Vilas explicó algunas cosas antes de leer su primer poema, que hablaba de un viejo automóvil que tuvo durante catorce años y que debía ser reparado. Pero la reparación era muy costosa, así que le recomendaron llevarlo al desguace. Al matadero de los carros. Al mismo tiempo su perro, con quien vivía hace catorce años, se enfermó de cáncer. La cosa se presentaba mal y la operación era muy costosa. Le recomendaron sacrificarlo. El poema hablaba de la tristeza de perder a los compañeros de la vida, y al final, en el último verso, le cedió la palabra a su carro para que pudiera despedirse de su propietario antes de ser aplastado por los brazos mecánicos del desguace. Las ventanas, las calles de Bogotá o de Zaragoza, un hombre desamparado que mira las cosas con afecto hasta que llega un poema que les da vida. La poesía, la poesía. En ese salón de la Biblioteca Departamental la gente empezaba a hundirse cada vez más en las palabras que traían Vilas y Cote, aunque, por momentos, no daba la impresión de que las leyeran o dijeran, sino que emanaran de ellos, como esos efluvios sobrenaturales que aparecen en los lienzos de Turner.

Cote, actuando de anfitrión, cedió el tiempo a Vilas para que siguiera con su poesía de callejones y sueños eternos. En otro poema, un hombre llamado Vilas sale a la ciudad a repartir todo el dinero que tiene. Quiere ser un santo, un salvador, un mesías. Camina por las calles de Zaragoza y se eleva por encima de lo humano repartiendo 800 euros allí, 450 allá, hasta que comprende que, si bien esos desvalidos lo aman, los dioses lo siguen mirando con indiferencia.
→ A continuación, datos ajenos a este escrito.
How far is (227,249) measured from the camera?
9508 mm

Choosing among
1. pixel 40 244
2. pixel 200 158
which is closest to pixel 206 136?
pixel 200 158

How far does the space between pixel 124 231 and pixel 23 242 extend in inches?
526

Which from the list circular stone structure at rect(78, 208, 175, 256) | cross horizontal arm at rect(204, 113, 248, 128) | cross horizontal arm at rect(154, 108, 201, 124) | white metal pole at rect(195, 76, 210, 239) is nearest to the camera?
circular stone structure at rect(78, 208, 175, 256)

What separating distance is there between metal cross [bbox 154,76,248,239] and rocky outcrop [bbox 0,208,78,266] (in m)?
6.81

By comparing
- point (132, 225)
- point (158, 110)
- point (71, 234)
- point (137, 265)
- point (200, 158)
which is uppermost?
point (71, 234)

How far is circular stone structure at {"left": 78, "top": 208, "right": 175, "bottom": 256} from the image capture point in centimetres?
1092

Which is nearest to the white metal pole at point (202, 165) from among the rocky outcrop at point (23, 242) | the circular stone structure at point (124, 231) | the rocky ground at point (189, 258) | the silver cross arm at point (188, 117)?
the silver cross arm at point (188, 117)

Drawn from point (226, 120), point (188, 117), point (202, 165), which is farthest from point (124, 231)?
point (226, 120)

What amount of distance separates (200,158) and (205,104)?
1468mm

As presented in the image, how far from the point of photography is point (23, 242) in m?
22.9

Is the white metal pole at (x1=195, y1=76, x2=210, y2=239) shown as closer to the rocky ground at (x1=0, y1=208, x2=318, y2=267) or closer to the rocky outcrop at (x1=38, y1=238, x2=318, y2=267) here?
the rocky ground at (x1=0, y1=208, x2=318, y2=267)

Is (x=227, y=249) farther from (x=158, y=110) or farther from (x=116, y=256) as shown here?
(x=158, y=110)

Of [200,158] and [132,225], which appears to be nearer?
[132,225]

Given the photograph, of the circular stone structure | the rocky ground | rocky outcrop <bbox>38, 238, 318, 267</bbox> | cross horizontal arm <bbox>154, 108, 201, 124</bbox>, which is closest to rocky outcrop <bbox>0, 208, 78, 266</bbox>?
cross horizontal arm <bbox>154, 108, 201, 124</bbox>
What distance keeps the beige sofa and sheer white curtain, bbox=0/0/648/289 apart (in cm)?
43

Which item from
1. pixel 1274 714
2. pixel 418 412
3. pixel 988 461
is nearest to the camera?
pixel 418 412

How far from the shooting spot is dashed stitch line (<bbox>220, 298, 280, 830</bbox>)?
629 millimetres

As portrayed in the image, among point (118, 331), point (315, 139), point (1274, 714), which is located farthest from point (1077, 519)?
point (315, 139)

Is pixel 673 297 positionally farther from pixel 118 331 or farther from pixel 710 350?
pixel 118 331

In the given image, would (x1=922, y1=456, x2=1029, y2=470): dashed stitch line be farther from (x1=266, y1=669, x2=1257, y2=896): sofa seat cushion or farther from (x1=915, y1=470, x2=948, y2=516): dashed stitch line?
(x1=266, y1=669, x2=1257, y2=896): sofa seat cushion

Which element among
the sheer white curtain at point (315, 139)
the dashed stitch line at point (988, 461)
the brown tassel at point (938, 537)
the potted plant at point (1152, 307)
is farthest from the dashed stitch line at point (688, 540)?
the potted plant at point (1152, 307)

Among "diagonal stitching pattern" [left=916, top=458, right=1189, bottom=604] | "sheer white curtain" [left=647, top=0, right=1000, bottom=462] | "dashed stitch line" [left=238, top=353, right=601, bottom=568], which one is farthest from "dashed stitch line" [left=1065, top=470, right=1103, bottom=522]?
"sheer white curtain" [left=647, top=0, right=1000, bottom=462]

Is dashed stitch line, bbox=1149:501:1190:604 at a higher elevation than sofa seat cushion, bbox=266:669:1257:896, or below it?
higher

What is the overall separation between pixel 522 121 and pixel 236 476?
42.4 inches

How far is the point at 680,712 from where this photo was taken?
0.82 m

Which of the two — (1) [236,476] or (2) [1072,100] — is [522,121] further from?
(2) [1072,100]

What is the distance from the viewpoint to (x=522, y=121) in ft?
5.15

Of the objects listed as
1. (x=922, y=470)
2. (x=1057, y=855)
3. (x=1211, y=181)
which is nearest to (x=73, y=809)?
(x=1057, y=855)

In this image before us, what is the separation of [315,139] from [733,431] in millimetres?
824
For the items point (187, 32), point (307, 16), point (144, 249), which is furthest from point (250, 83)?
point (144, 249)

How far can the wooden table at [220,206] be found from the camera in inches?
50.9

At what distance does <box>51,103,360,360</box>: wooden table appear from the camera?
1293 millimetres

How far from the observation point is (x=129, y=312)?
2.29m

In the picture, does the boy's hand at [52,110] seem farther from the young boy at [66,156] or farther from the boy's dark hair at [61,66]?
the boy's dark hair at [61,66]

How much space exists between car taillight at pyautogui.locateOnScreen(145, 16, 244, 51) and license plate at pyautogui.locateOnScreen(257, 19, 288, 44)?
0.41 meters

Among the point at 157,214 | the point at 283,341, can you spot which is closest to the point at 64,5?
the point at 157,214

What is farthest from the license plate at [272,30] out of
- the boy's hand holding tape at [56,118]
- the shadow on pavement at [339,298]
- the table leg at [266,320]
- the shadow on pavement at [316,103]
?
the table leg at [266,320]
Luego Cote viajó a una ciudad de la India, Orccha, y leyó un poema de viajeros y recuerdos y de pasos que se van quedando atrás, aunque la memoria se empeñe en traerlos de vuelta. Vilas atacó de nuevo con un poema al primer McDonald’s de Zaragoza, un callejón en donde las pobres gentes de esa ciudad se sentían felices. Y al final, el poema a la muerte de la madre de Vilas. Una oración, palabras imposibles y hermosas. Las 48 personas que estuvimos ahí, la mañana de este martes, vivimos todo eso sin dar crédito, sin saber que un momento así, en lo que nos queda de vida, será ya irrepetible.